■ TASK REQUIREMENTS:
Only one span of the material below is wanted. Output it exactly, from the line with "RENAULT Mégane Grandtour" through the line with "how-to-ferment-alcohol-from-strawberries", without any pictures.

━━━ PROVIDED ENTRIES ━━━

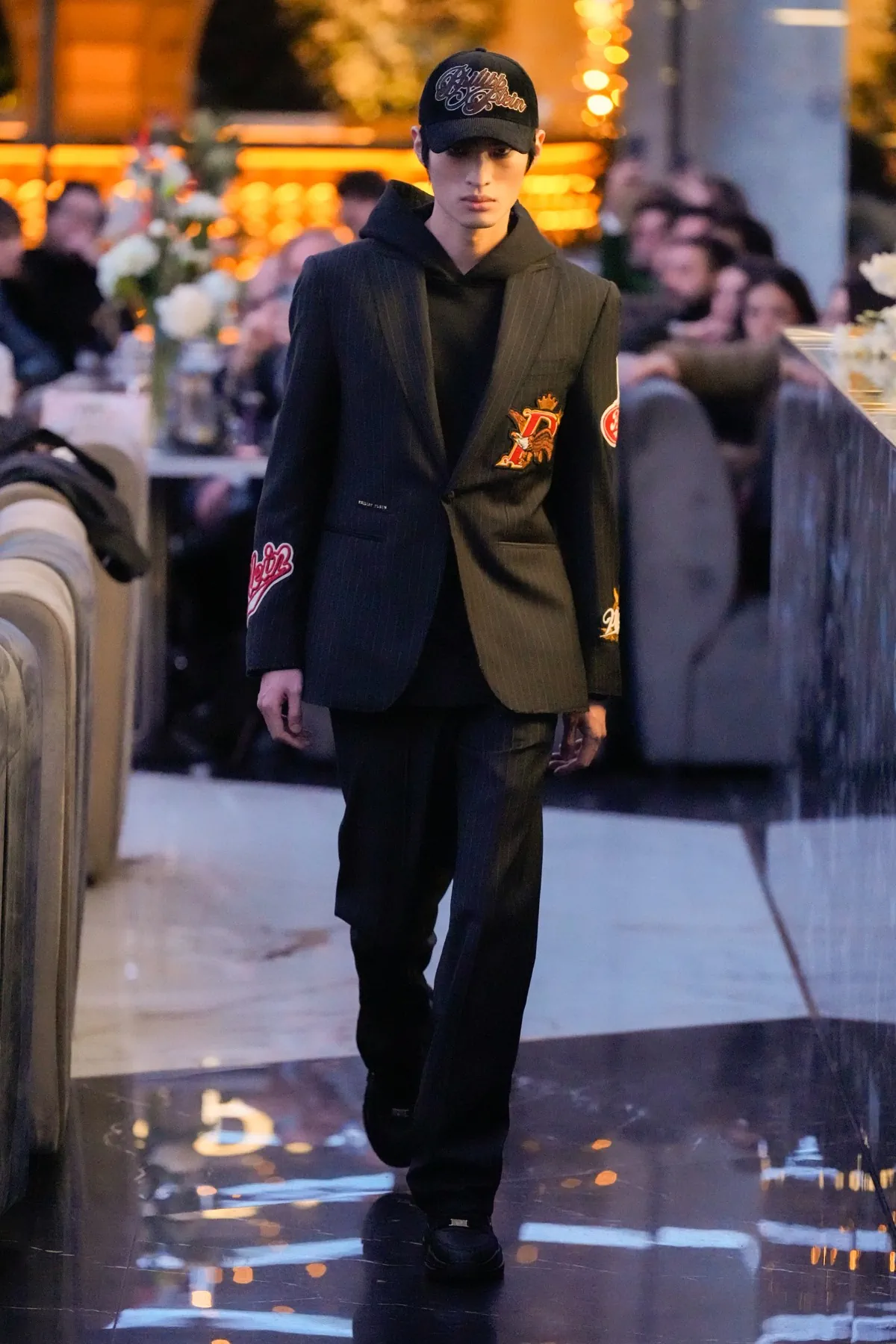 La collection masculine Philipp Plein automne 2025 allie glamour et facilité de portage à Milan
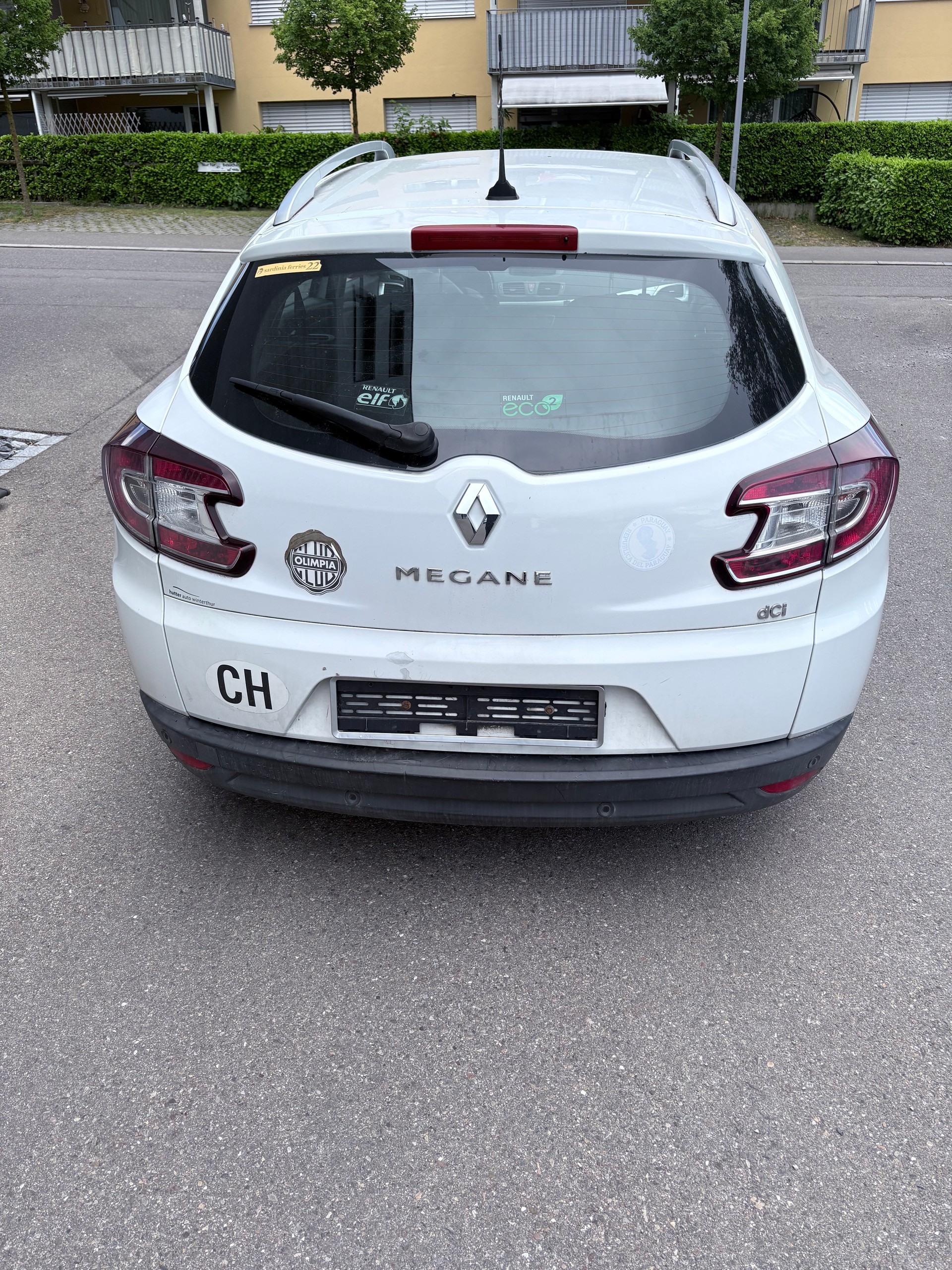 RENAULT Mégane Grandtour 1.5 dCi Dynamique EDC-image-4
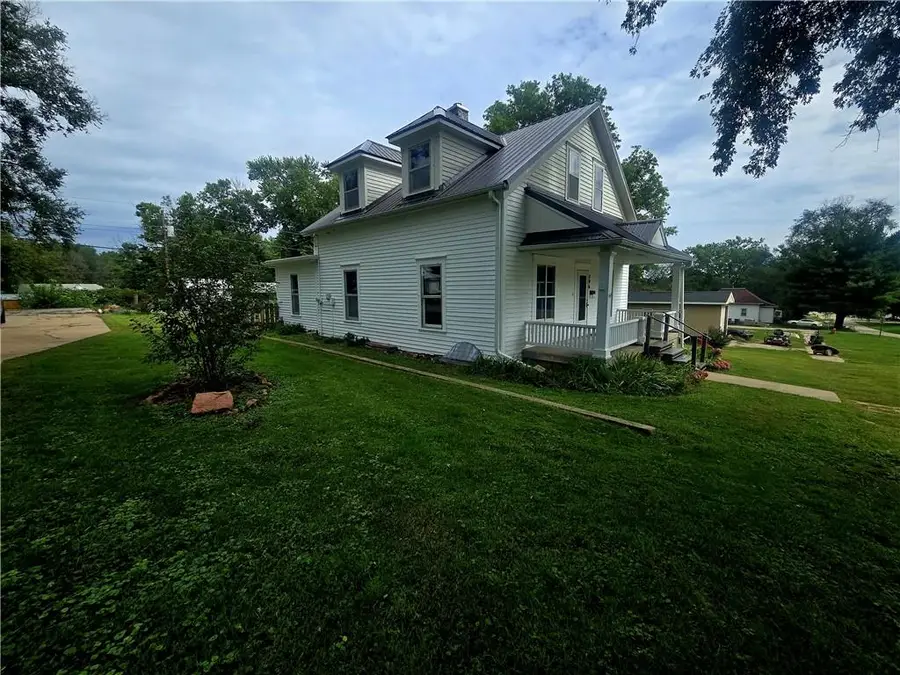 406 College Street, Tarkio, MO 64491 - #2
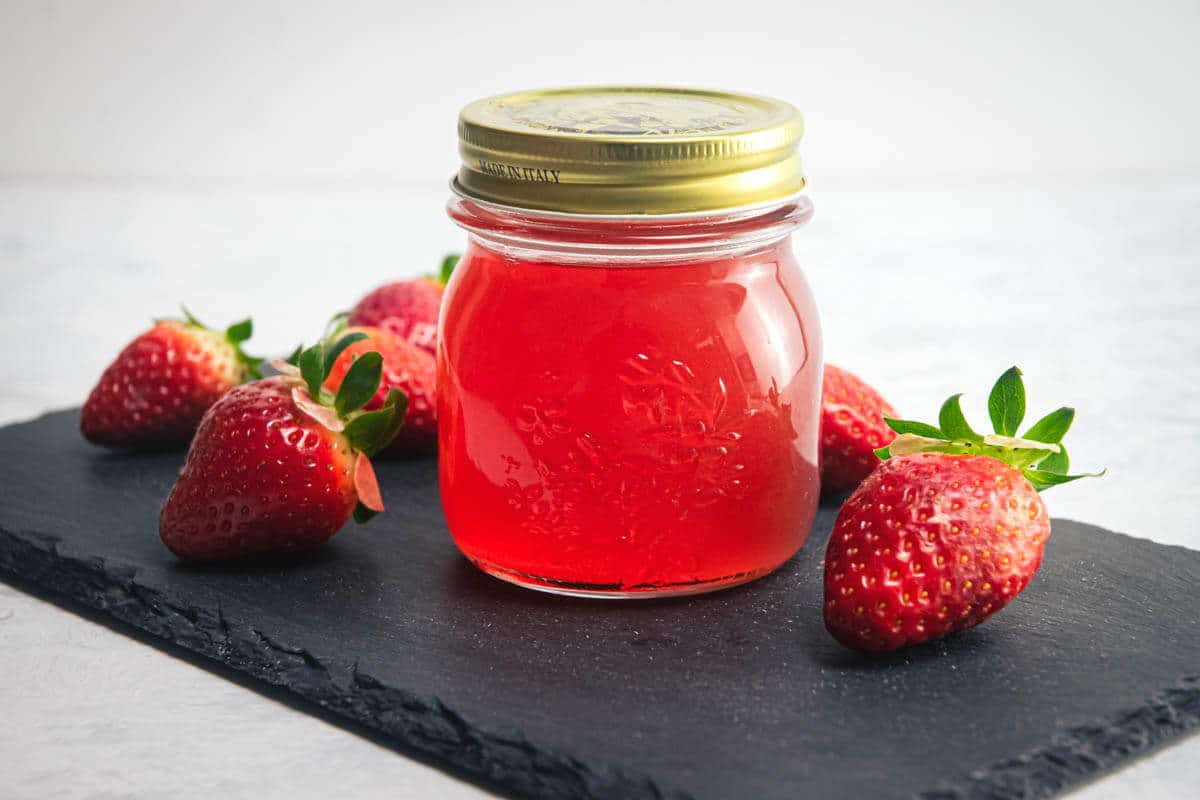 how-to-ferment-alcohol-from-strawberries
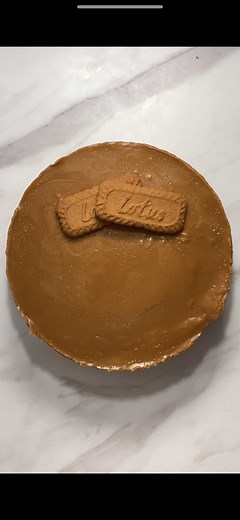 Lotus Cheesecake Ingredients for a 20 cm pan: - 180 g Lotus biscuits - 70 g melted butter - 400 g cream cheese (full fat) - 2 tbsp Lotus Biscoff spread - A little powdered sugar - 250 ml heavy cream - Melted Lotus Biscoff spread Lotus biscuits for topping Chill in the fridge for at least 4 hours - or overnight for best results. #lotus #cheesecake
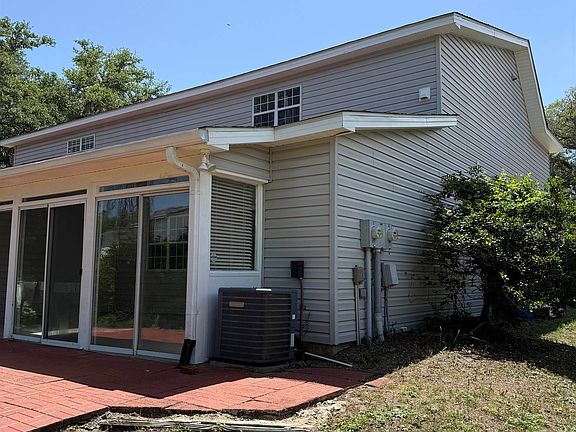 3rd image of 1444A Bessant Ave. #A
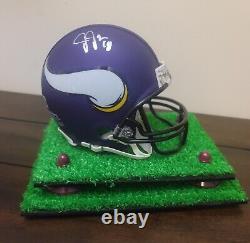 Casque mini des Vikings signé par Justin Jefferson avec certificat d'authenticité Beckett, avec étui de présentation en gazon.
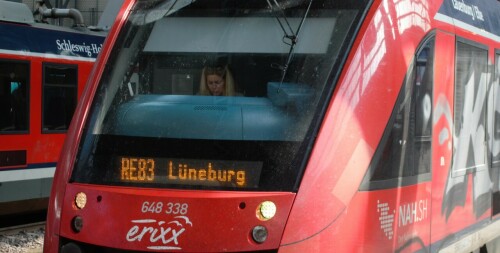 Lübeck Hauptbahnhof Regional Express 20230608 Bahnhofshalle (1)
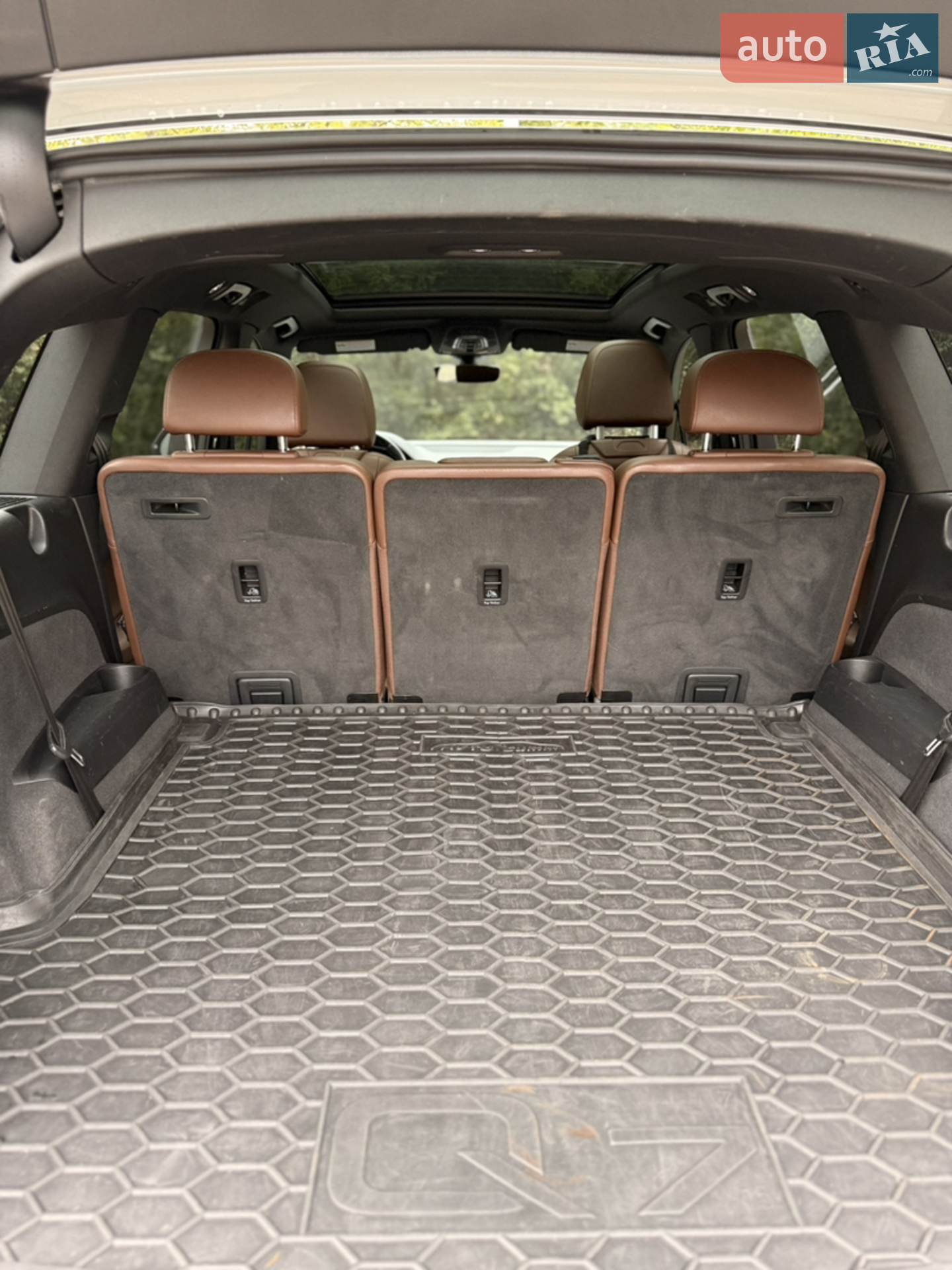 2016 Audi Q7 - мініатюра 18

━━━

■ TASK RESPONSE:
 RENAULT Mégane Grandtour 1.5 dCi Dynamique EDC-image-4
 406 College Street, Tarkio, MO 64491 - #2
 how-to-ferment-alcohol-from-strawberries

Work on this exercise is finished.